Negotiate the interest behind the request

When two demands compete for the same resource, the stated requests are usually incompatible. Both stakeholders need a piece of you in the same week. Both presentations need to go to the board in the same month. Both projects need the same specialist for the same two-week window. In each case, the surface level conflict looks unresolvable because the positions are incompatible.

What is usually not incompatible are the interests behind the positions. The finance sponsor who needs the budget review by Friday needs it by Friday because the group CFO is presenting on Monday. The actual interest is that the CFO has a credible set of numbers for Monday morning. That interest might be met by a direct briefing call, a prepared summary, or a revised set of slides rather than by a full budget review session. The interest and the stated request are not the same thing, and most matrix leaders never ask about one because they are too busy trying to respond to the other.

The discipline is to go back to each stakeholder separately, before you have decided how to respond, and ask what they are trying to accomplish rather than simply confirming what they asked for. This is not a way of avoiding the commitment. It is a way of finding the version of the commitment that actually serves the need, which is often considerably smaller than the version originally stated.

An internal consultant working inside a global technology company described a resource conflict where two programme leads both needed the same data architect for a six-week intensive sprint. Neither programme could move its timeline. Both leads had genuine delivery pressure and legitimate claims. She went back to each separately and asked what the data architect actually needed to produce in those six weeks, not what they needed him for in general. It emerged that one programme needed him full time for the first three weeks and barely at all thereafter. The other needed him lightly for the first three weeks and intensively for the final three. The conflict that had seemed irresolvable was not, once the actual need rather than the general allocation was on the table.

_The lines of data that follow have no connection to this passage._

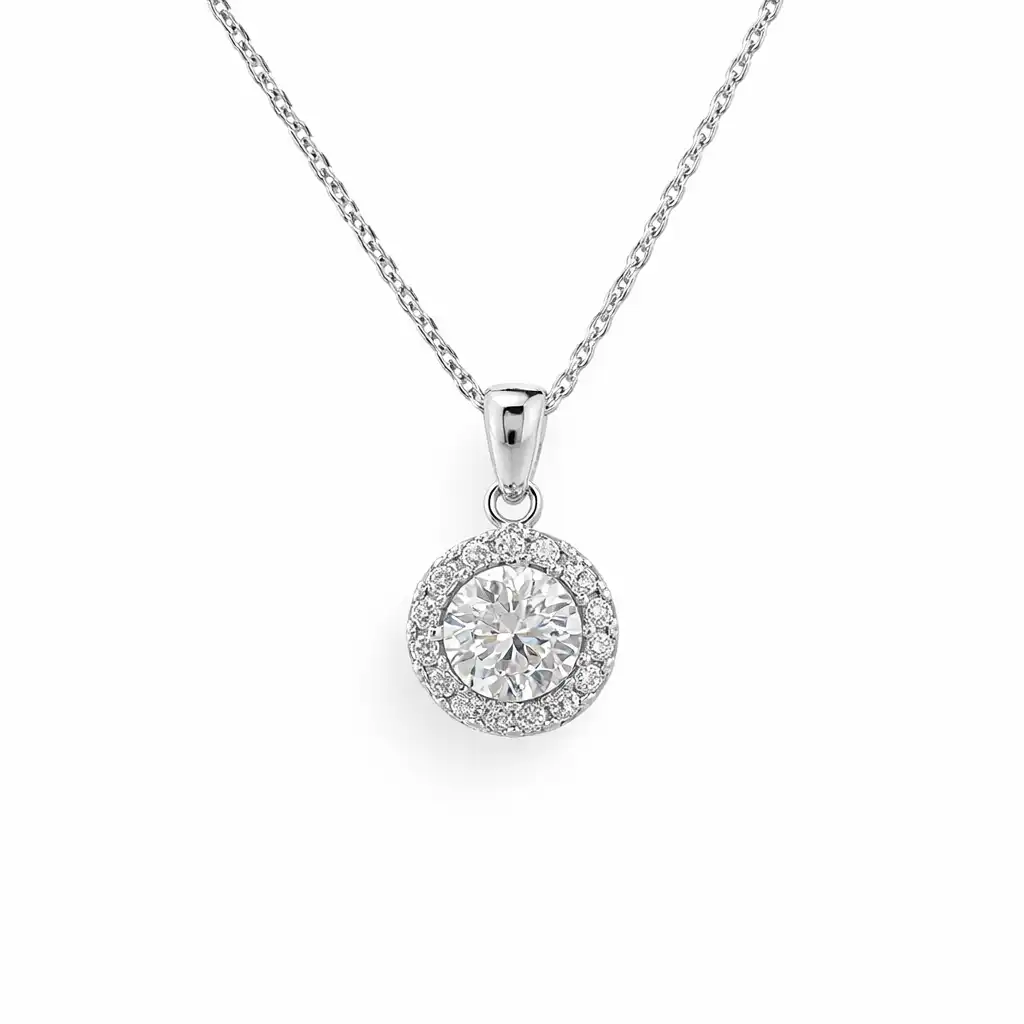 Lănțișor cu pandantiv rotund din aur alb 14k cu zirconia — Luvand Jewelry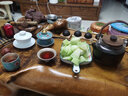 容山堂双内胆玻璃烧水壶蒸汽煮茶器蒸茶器养生壶大号泡茶电陶炉套装木盖 竖纹平盖提梁壶+小容红檀木茶炉 实拍图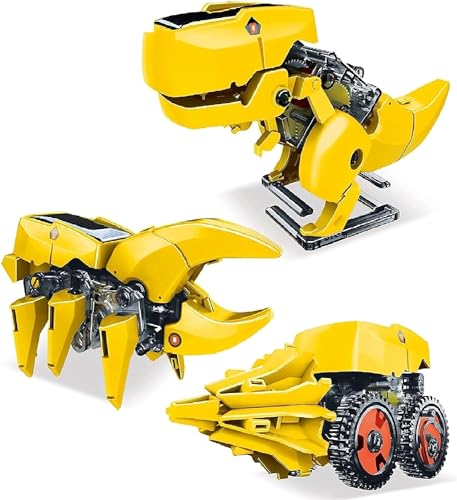 PicassoTiles STEM Kids Solarbetriebener Dinosaurier-Roboter, pädagogisches Lernspielzeug, technisches Bauspielzeug, 3-in-1, kreative einzigartige Transformation, erneuerbare Sonnenenergie von PicassoTiles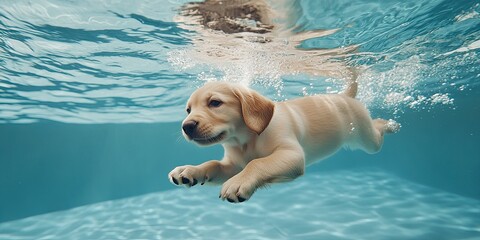 Underwater photo of golden labrador retriever puppy in outdoor swimming pool play with fun - jumping and diving deep down. Activities and games with family pets and popular dog on summer holiday.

The programme manager used the same move with her finance sponsor. Rather than trying to find time for the full budget review, she asked what the sponsor needed to have in hand before the budget cycle closed. The answer was three specific numbers and a narrative for the CFO. She produced those in four hours and attended a thirty minute call. The sponsor was satisfied. The operations conflict got the attention it needed for the rest of the week.

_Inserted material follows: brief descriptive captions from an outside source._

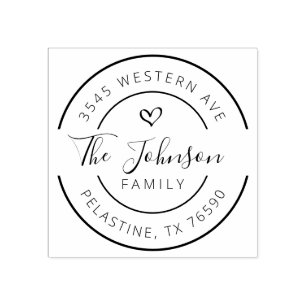 Family Name Return Address round logo Rubber Stamp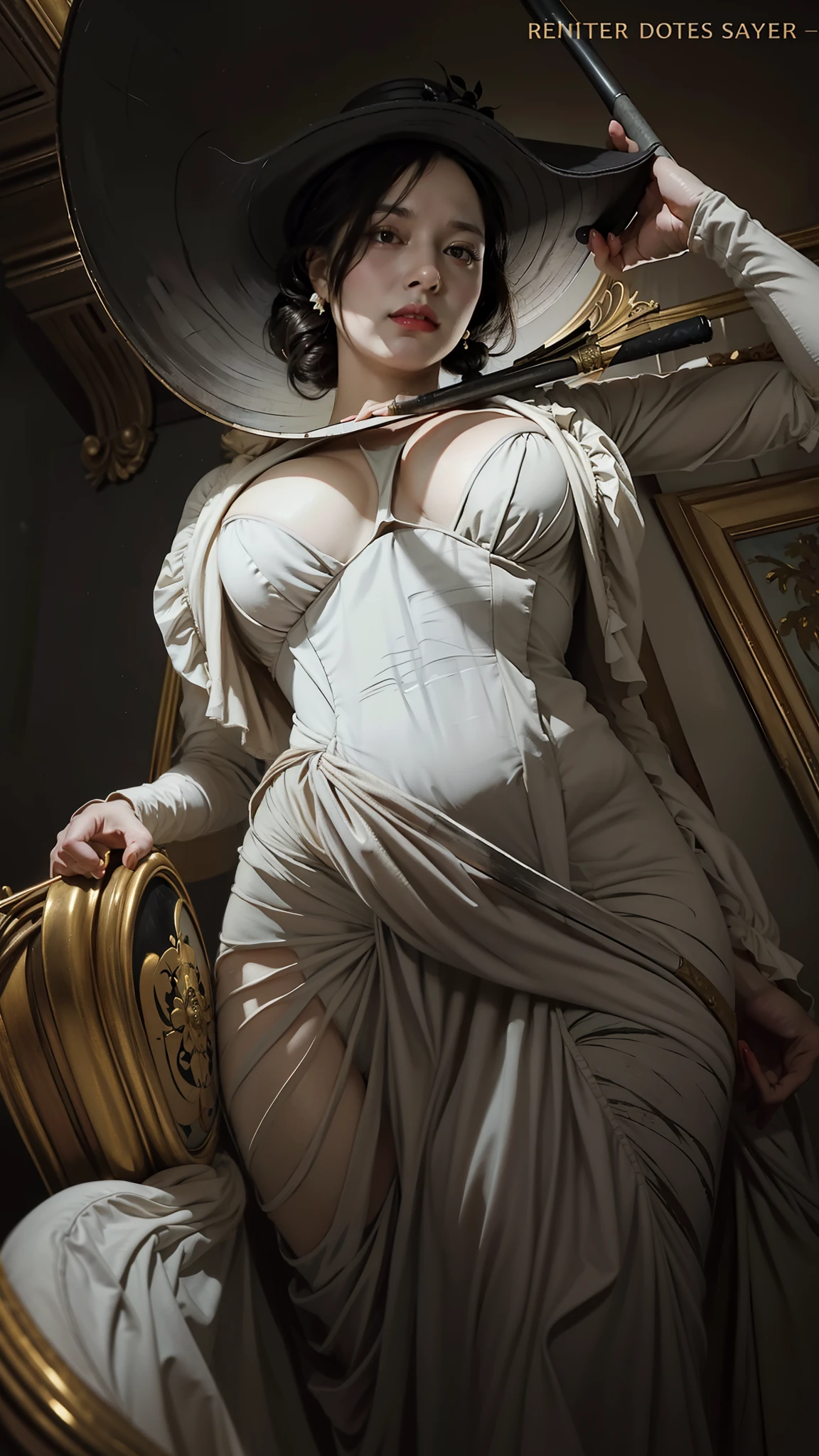 painting of a woman with a hat and a dress holding a baseball bat, Lady Dimitrescu, inspired by Roberto Ferri, inspired by Jens Ferdinand Willumsen, inspired by Pierre Auguste Cot, low detailed. digital painting, by Roberto Ferri, greek myth digital painting, artstation painting, inspired by Alexandre Cabanel, inspired by WLOP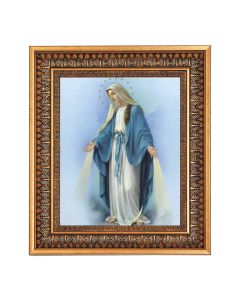 An 8" x 10" O.L. of Grace Print in a 11.5" x 13.5" Vintage Bronze with Acanthus Leaves Frame with Velvet Backing Easel and Glass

Questions you can use to negotiate the interest behind the request:

  • What are you trying to accomplish with this, and how does this request help you get there?
  • If the specific thing you have asked for were not possible, what else would serve the same underlying need?
  • Is there a version of this commitment that would meet your real need in less time, or at a different point in the process?
  • What would happen if this came back to you as a recommendation rather than as a working session? Would the outcome be the same?
  • If you had to name the one thing that absolutely has to happen here, what would it be?

Practical actions:

  • Before responding to any competing demand, ask one question: what is this person trying to accomplish, and is that the same as what they have asked me for? Treat any gap between the two as a negotiating opportunity rather than a problem to solve by working harder.
  • Go back to the stakeholder before you have committed, not after. “Before I confirm I can do this by Thursday, help me understand what you need it for” is a legitimate and professional response to any request.
  • When you find the interest behind the position, offer the version of the commitment that serves the interest rather than the version that was originally stated, and explain why. Most stakeholders will accept a smaller ask if the reason for it is clear and the underlying need is genuinely met.
  • Where two stakeholders are competing for the same resource, explore whether there is a sequencing, a shared output, or a different configuration that serves both interests without requiring the same person at the same time.

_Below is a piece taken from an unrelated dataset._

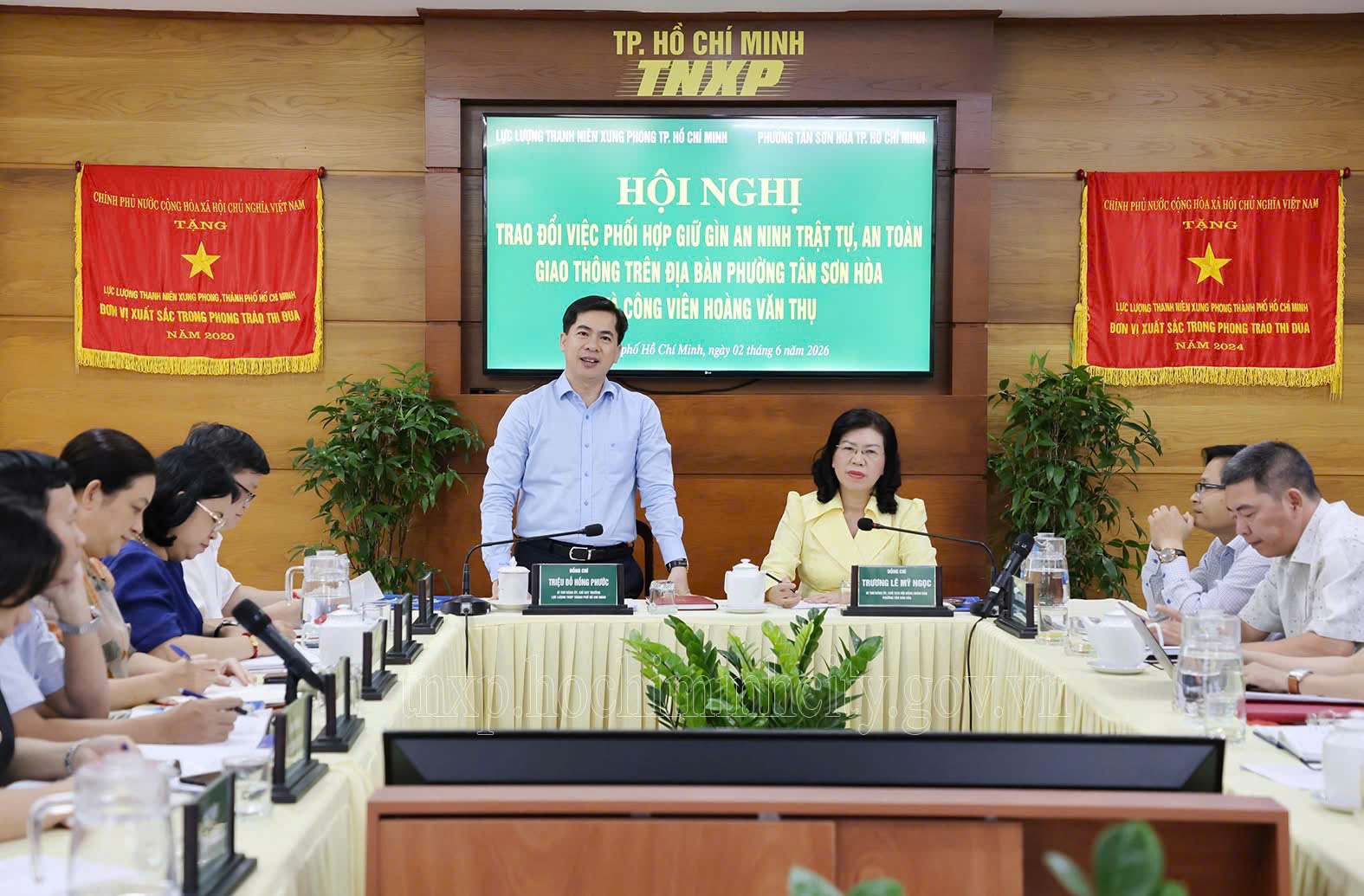 PHƯỜNG TÂN SƠN HÒA TỔ CHỨC HỘI NGHỊ TRAO ĐỔI VỀ CÔNG TÁC PHỐI HỢP BỐ TRÍ TRẬT TỰ VIÊN GIỮ GÌN AN NINH TRẬT TỰ, AN TOÀN GIAO THÔNG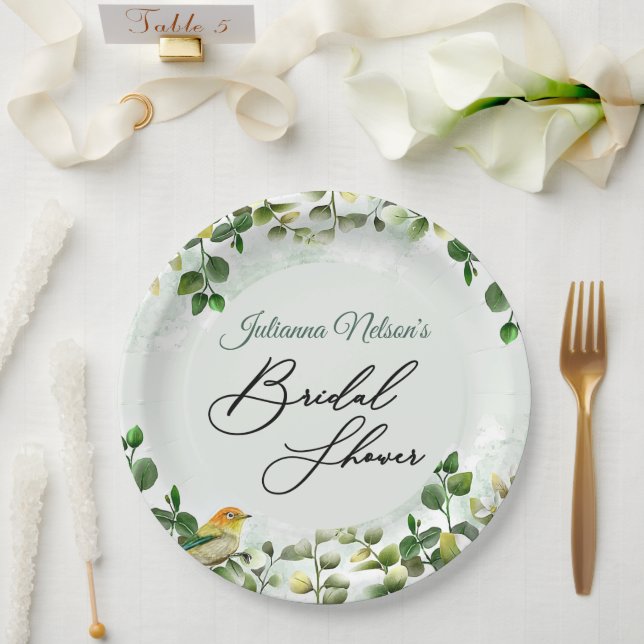 Grün und Vogelteller aus Papier Pappteller (Hochzeit)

Surface trade-offs to the people competing, not just to yourself

The instinct when competing demands arrive is to solve the conflict privately. You assess the two demands, make a call, deliver what you can, and manage the fallout when something slips. This keeps the conflict off the agenda but means every trade-off you make is invisible to the people affected by it. Each stakeholder believes they have your full commitment when they do not, and each is making plans that depend on an assumption you are not able to honour.

A more effective approach is to make the conflict visible to the people creating it, not as an escalation or a complaint, but as useful information that changes what they can plan for. When two stakeholders are competing for the same resource, bringing the conflict into the open, ideally with both of them together, changes the dynamic from a problem you are absorbing alone to a problem the group can solve together.

This requires a specific kind of conversation: naming the conflict without apportioning blame, giving both stakeholders visibility of the full picture, and asking them to help determine the best resolution rather than simply announcing your decision. The accountability article in this series explored this from the slipping-commitment angle. Here the same discipline applies at the point of the competing demand rather than after it has produced a failure.

A transformation lead at a large professional services firm tried this for the first time when two of her functional sponsors both needed a piece of her team’s analytical capacity in the same two-week sprint. Both sponsors had genuine delivery pressure. Rather than deciding unilaterally and managing both separately, she brought them into a thirty-minute conversation and laid out the conflict directly: this is what each of you has asked for, this is the capacity available, and these are the options I can see. The conversation was slightly awkward for the first five minutes. By the end of it, the sponsors had agreed a sequencing between themselves that she would never have been able to impose from outside the relationship.

The programme manager had tried to resolve her crisis week bilaterally, managing each stakeholder separately and in confidence. When she reflected on it afterwards, the thing she had been most reluctant to do was to tell each stakeholder that they were competing with someone else for the same resource. She had worried it would feel like she was making excuses. In practice, the stakeholders involved had more goodwill and more flexibility than she had assumed. The conflict itself was not the problem. The invisibility of it was.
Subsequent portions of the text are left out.